## INSTRUCTIONS TO FOLLOW
Begin your copy at the line with "blue flowers with" in the records below and end it at the line with "Factory supply Rosmarinic", restating each line word for word; omit the pictures.

## DATA RECORDS
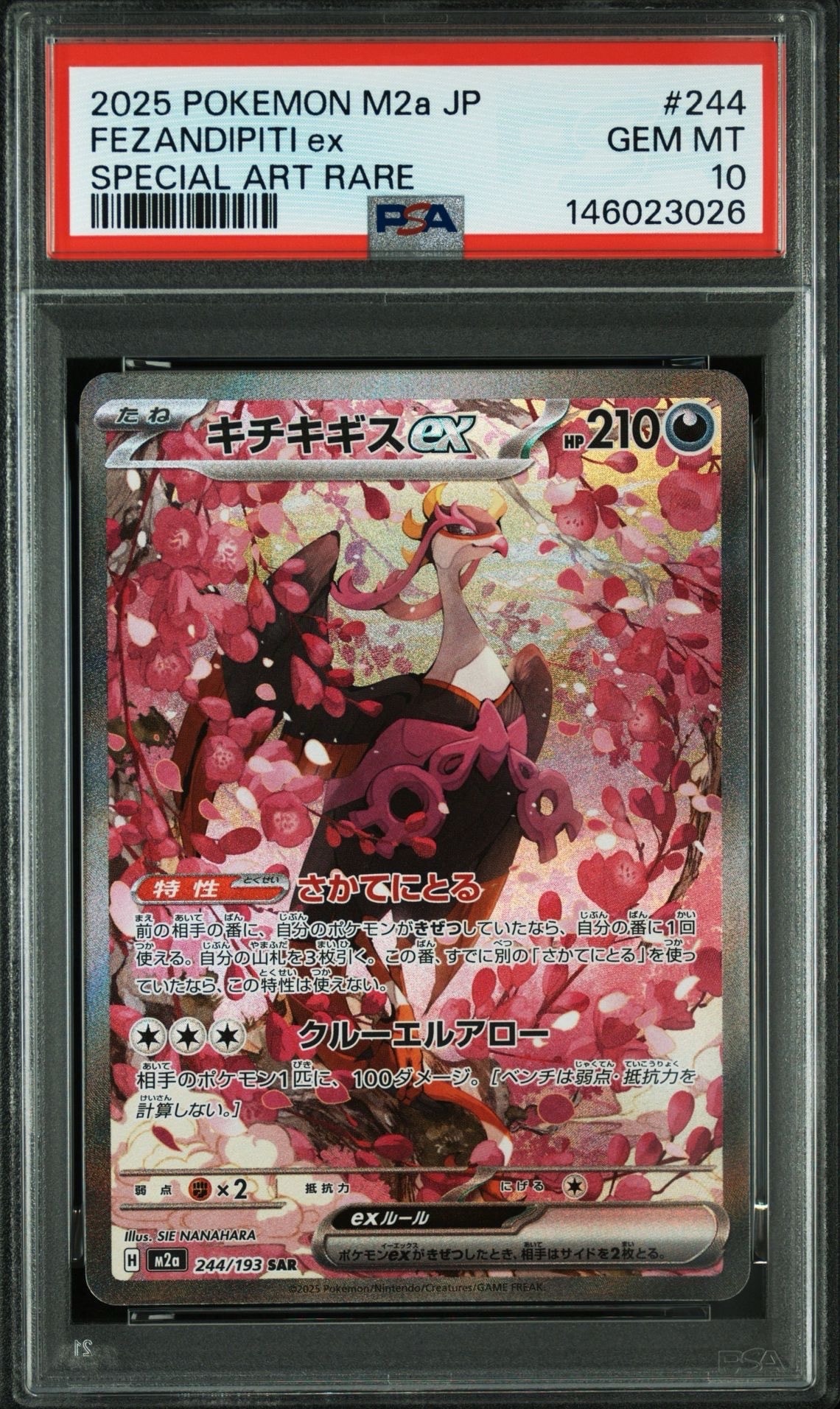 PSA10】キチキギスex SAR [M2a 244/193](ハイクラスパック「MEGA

...

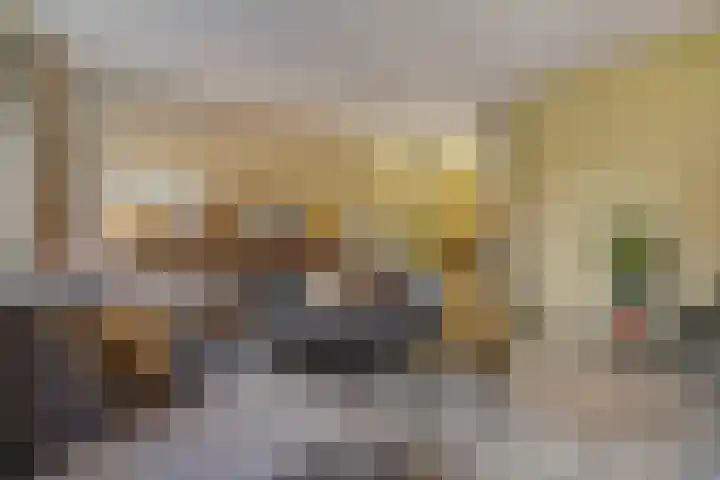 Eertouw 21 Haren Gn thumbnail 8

* * *

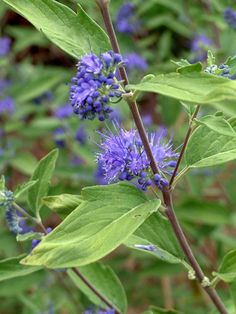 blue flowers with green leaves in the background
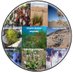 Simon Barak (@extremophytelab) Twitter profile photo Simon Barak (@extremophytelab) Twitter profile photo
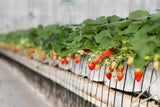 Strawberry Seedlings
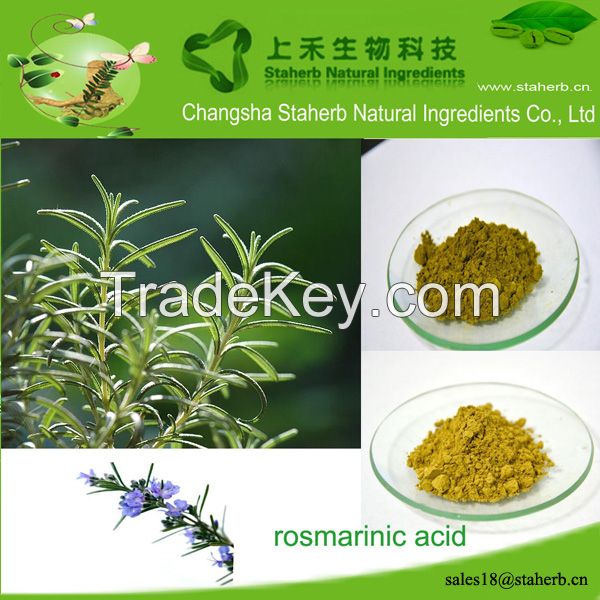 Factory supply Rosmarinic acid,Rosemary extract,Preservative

## ANSWER SPACE
 blue flowers with green leaves in the background
 Simon Barak (@extremophytelab) Twitter profile photo Simon Barak (@extremophytelab) Twitter profile photo
 Strawberry Seedlings
 Factory supply Rosmarinic acid,Rosemary extract,Preservative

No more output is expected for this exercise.